Japan stocks pare gains on firmer yen; JGB yields up after cenbank decision
Updates prices as of 0410 GMT
By Kevin Buckland
TOKYO, Sept 20 (Reuters) -Japan's Nikkei share average pared early gains amid a firmer yen on Friday, while bond yields edged higher after the Bank of Japan upgraded its assessment of consumption while leaving interest rates unchanged.
The Nikkei share average .N225 traded 1.9% higher to 37,861.31, after entering the midday recess up 2.1%, led by a Wall Street-inspired rally in chip-sector stocks.
The yen gained against the dollar to be about 0.3% stronger at 142.15, after initially shrugging off the policy decision, which came in when stock and bond markets were in the trading break.
A stronger currency reduces the value of overseas revenues at the country's many heavyweight exporters.
The two-year and 10-year Japanese government bond yields added 0.5 basis point to 0.385% and 0.855%, respectively.

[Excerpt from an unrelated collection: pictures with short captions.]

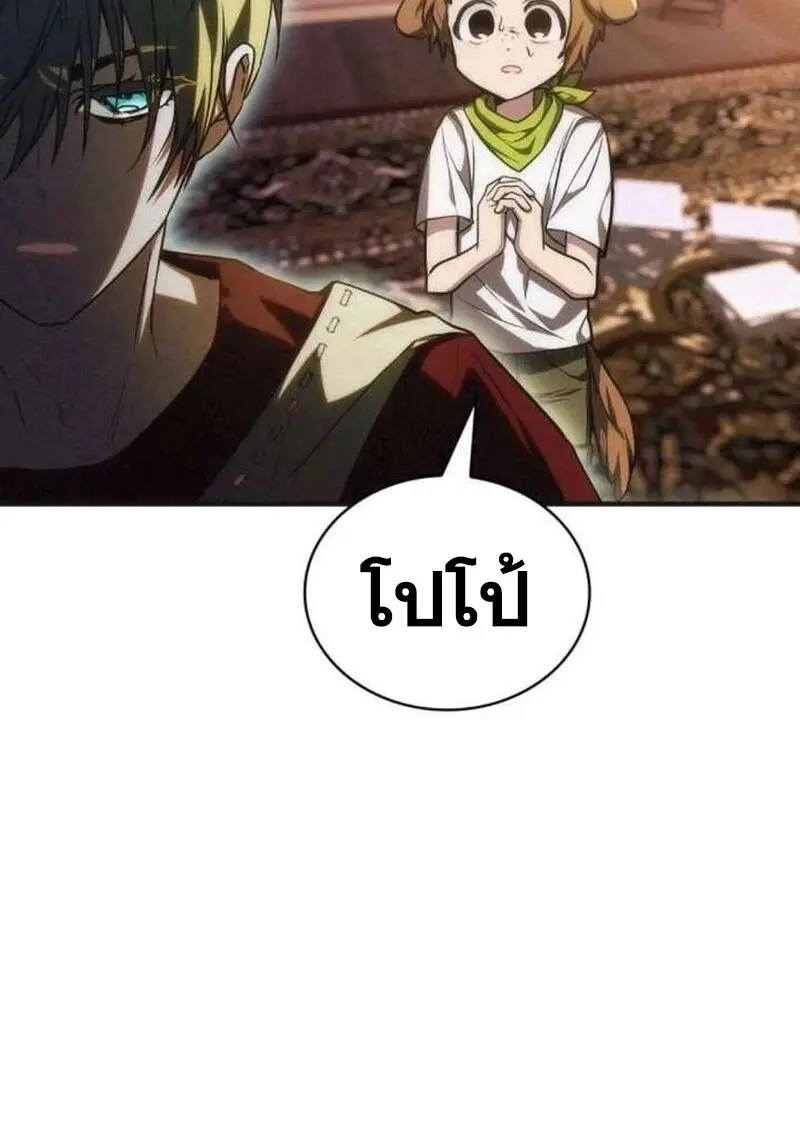 หน้า 54 จาก 158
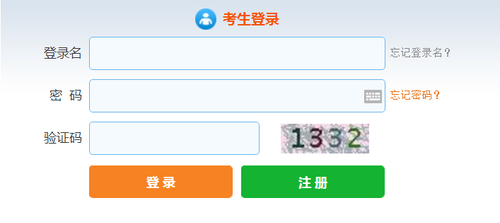 證券從業(yè)考試報(bào)名入口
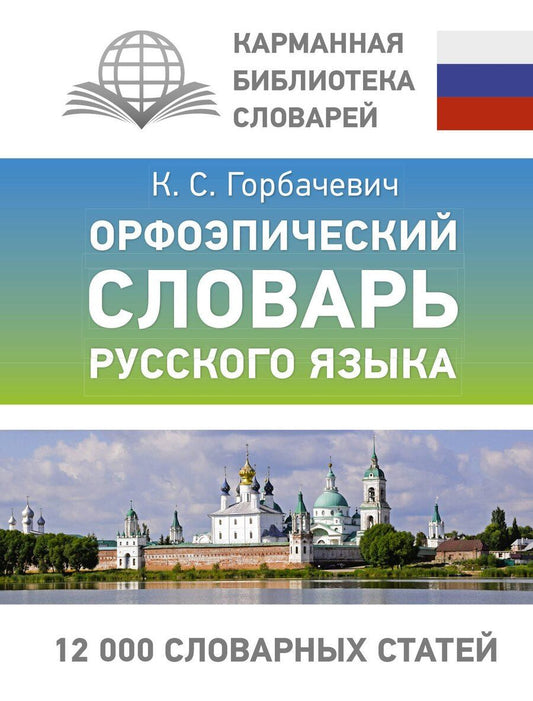 Обложка книги "Кирилл Горбачевич: Орфоэпический словарь русского языка"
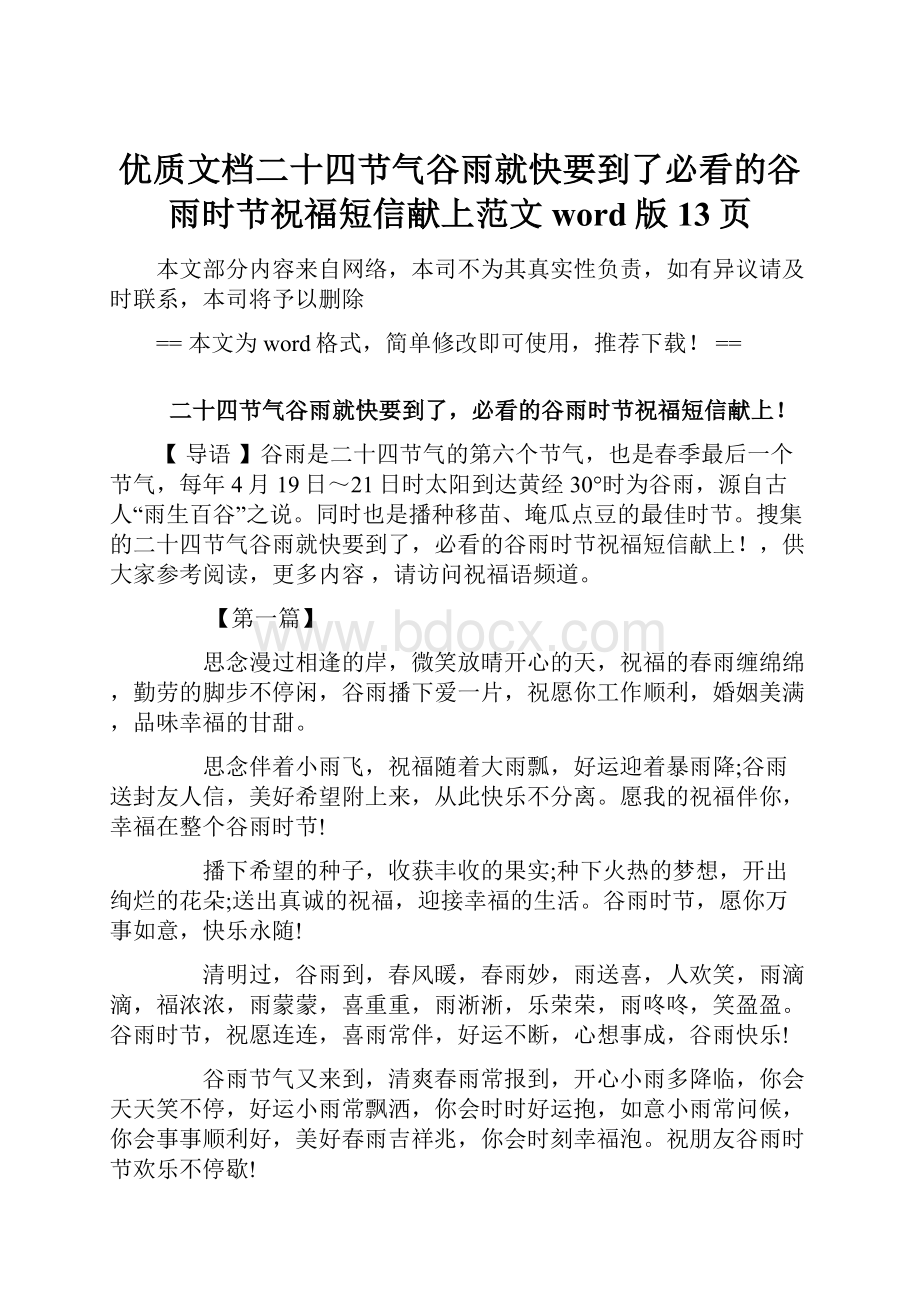 优质文档二十四节气谷雨就快要到了必看的谷雨时节祝福短信献上范文word版 13页.docx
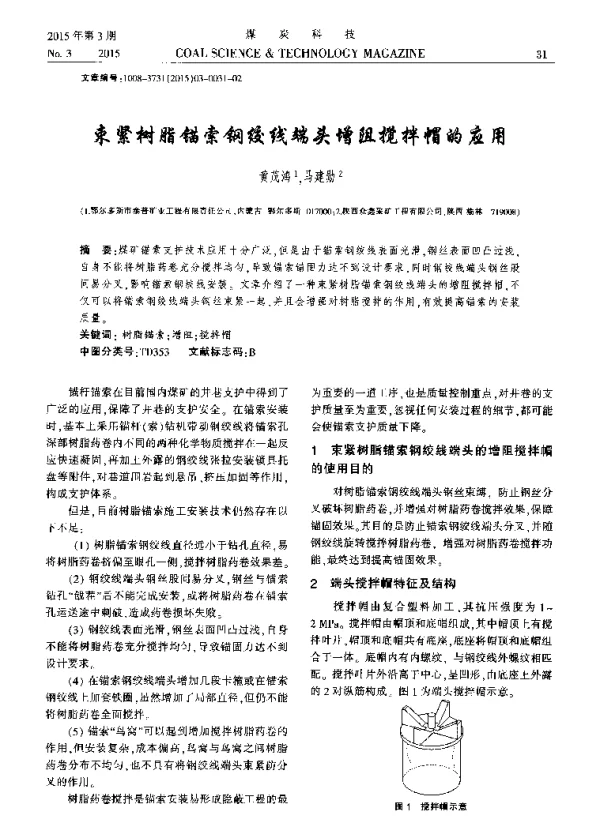 束紧树脂锚索钢绞线端头增阻搅拌帽的应用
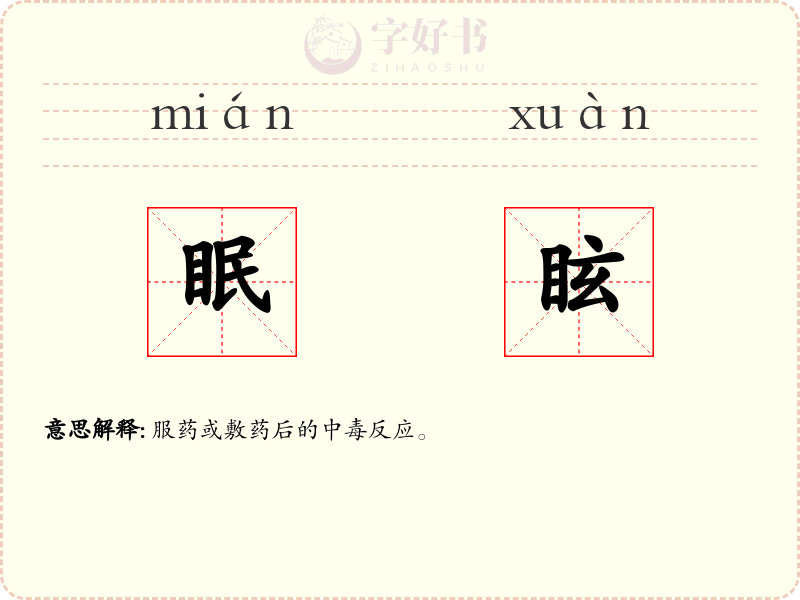 眠眩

"Overall, they were quite hawkish," said Bart Wakabayashi, Tokyo branch manager at State Street.
"Underlying inflation is expected to increase gradually, which is a very nice thing, and the economy keeps going above potential growth rates."
The BOJ judged that "private consumption has been on a moderate increasing trend," a more optimistic assessment than the previous view that consumption was "resilient."
The decision to hold short-term interest rates steady at 0.25% was widely expected following hikes in March and July.
Animal spirits have been the question mark for policymakers, with inflation tracking above the central bank's target for more than two years - including in the latest data released early on Friday - but much of that due to import prices.
The focus now turns to BOJ Governor Kazuo Ueda's news conference, due to start at 0630 GMT, after Japanese markets close.
He is likely to adopt a cautiously hawkish tone, rather than the "extremely hawkish" posture of the previous policy meeting, to avoid roiling markets, said Shoki Omori, chief Japan desk strategist at Mizuho Securities.
"Careful communication will be carried out to incorporate a rate hike in December or January," Omori said.
"If the hawkish stance is clearly conveyed to the market, the USD/JPY exchange rate is expected to trend downward."